In this tutorial, you’ll discover how to:
  • Generate calibrated prediction intervals without distributional assumptions
  • Apply conformal prediction to any forecasting model in Python
  • Implement uncertainty quantification with StatsForecast’s ConformalIntervals
  • Compare conformal prediction with traditional uncertainty methods
  • Evaluate prediction interval coverage and calibration

Prerequisites

This tutorial assumes basic familiarity with StatsForecast. For a minimal example visit the Quick Start

What is Conformal Prediction?

Conformal prediction is a distribution-free framework for generating prediction intervals with guaranteed coverage properties. Unlike traditional methods that assume normally distributed errors, conformal prediction works with any forecasting model and provides well-calibrated uncertainty estimates without making distributional assumptions.

Why Use Conformal Prediction for Time Series?

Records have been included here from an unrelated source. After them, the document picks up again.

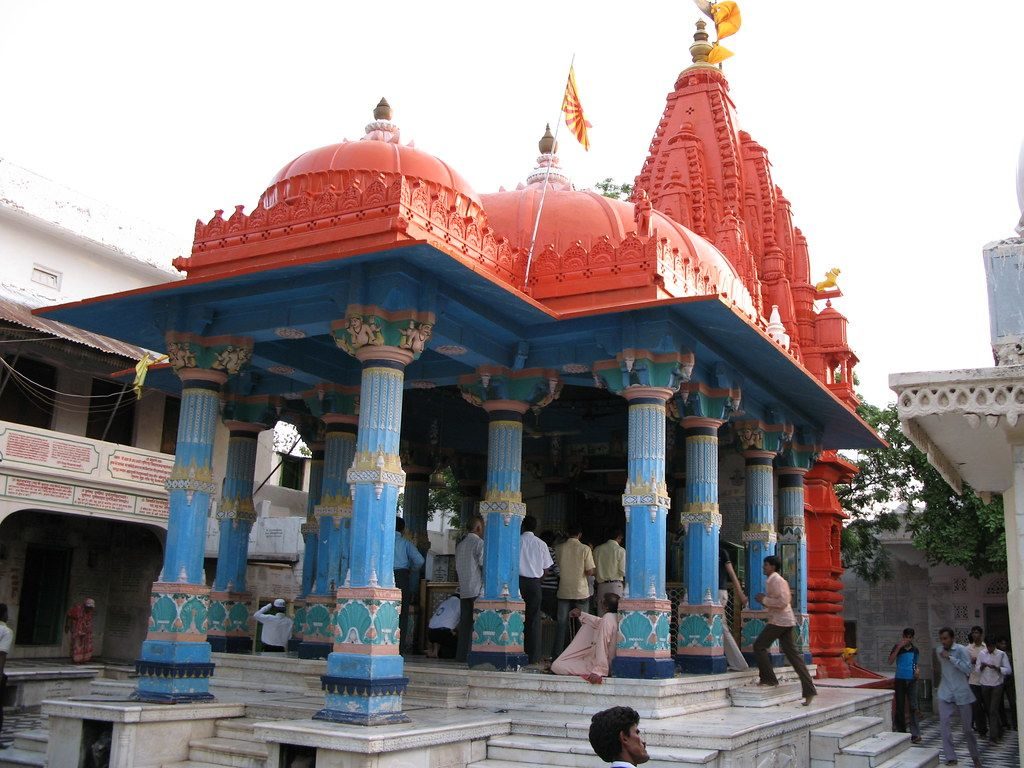 temple brahma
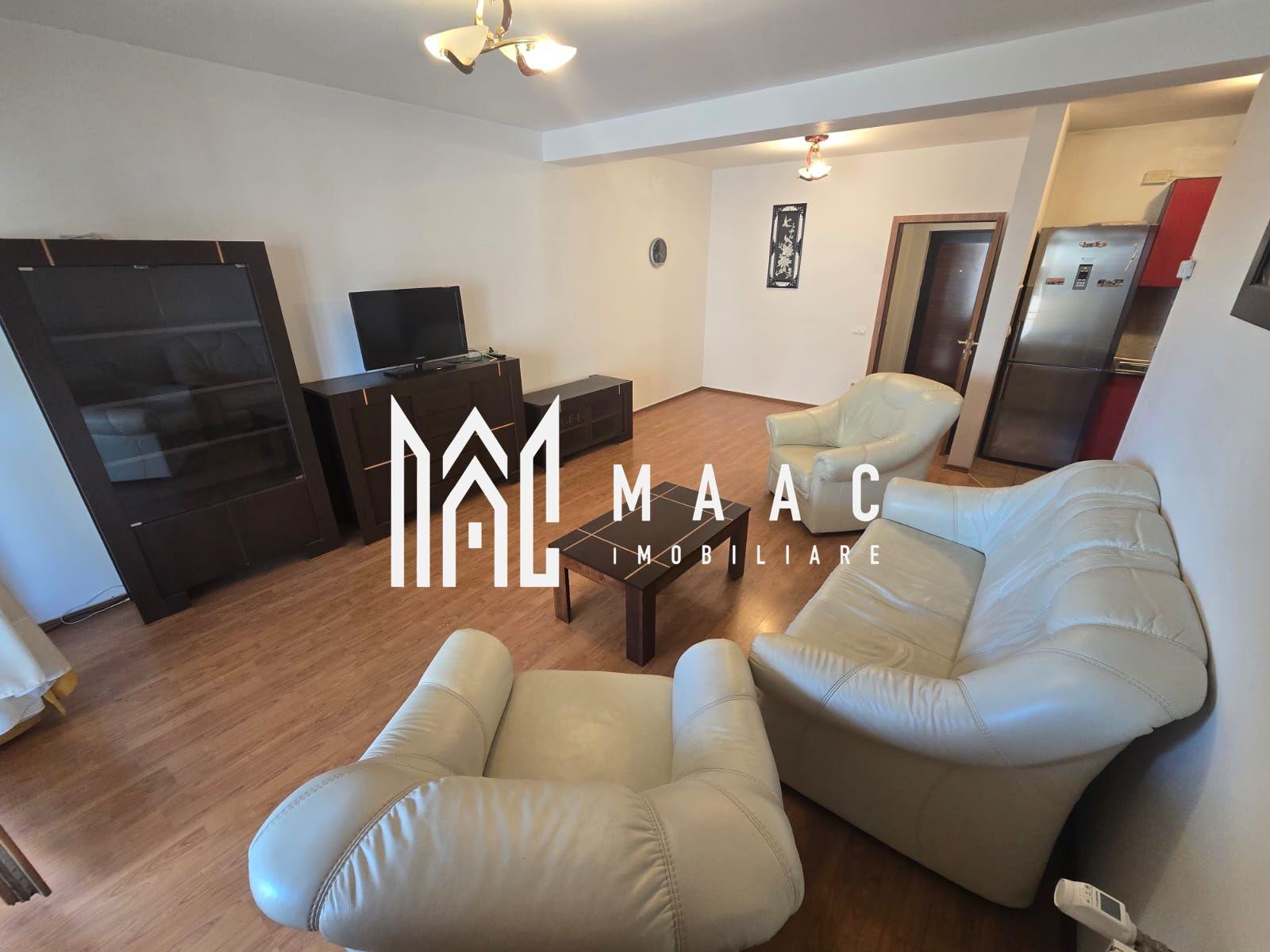 Apartament 3 camere terasa 15 mp etaj 1 Lidl Selimbar - 1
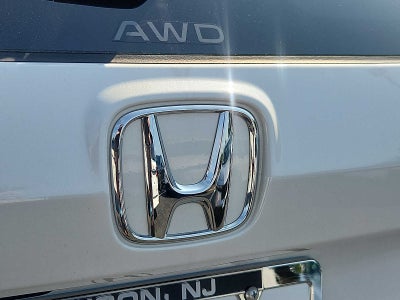 2025 Honda CR-V LX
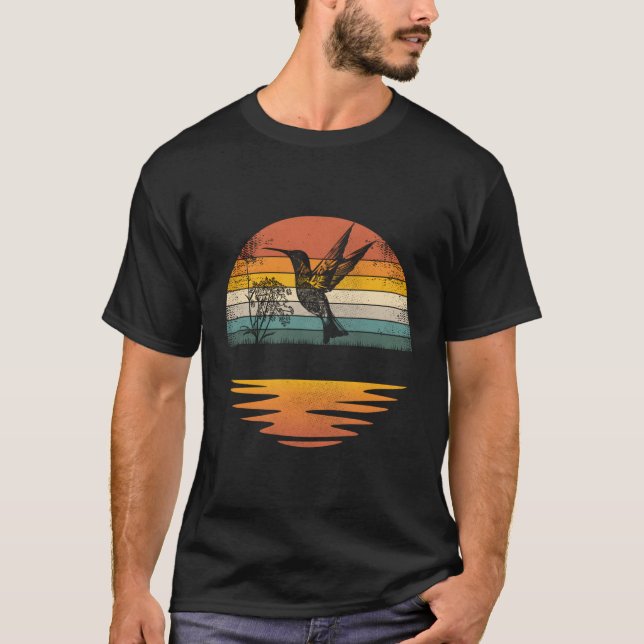 T-shirt Colibri (Devant)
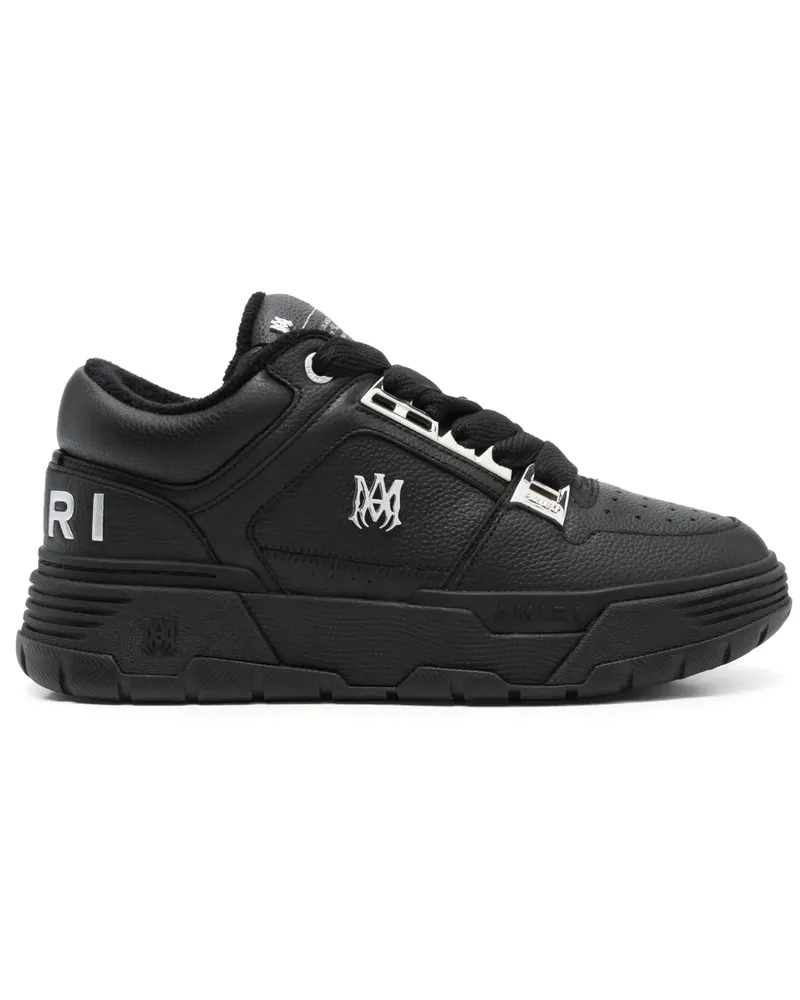 Amiri Sneakers mit Logo-Verzierung - Schwarz Schwarz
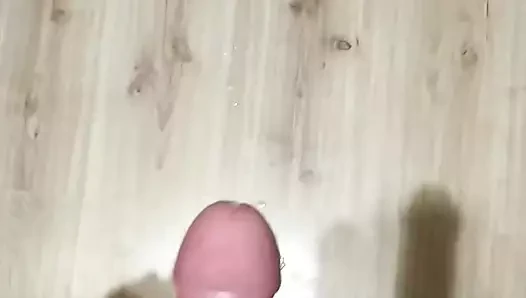 Bu muhteşem mastürbasyon beni boşalttı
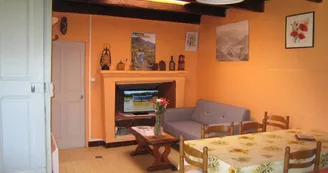 Gîte de Peyre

When generating forecasts, a point forecast alone doesn’t convey uncertainty. Prediction intervals quantify this uncertainty by providing a range of values where future observations are likely to fall. A properly calibrated 95% prediction interval should contain the actual value 95% of the time. The challenge: many forecasting models either don’t provide prediction intervals, or generate intervals that are poorly calibrated. Traditional statistical methods also assume normality, which often doesn’t hold in practice. Conformal prediction solves this by:
  • Working with any forecasting model (model-agnostic)
  • Requiring no distributional assumptions
  • Using cross-validation to generate calibrated intervals
  • Providing theoretical coverage guarantees
  • Treating the forecasting model as a black box

Conformal Prediction vs. Traditional Methods

MethodDistributional AssumptionModel-AgnosticCalibration Guarantee
Conformal PredictionNone
BootstrapParametric assumptions~
Quantile RegressionNone~
Statistical Models (ARIMA, ETS)Normal errors~
For a video introduction, see the PyData Seattle presentation. More resources available in Valery Manokhin’s curated list.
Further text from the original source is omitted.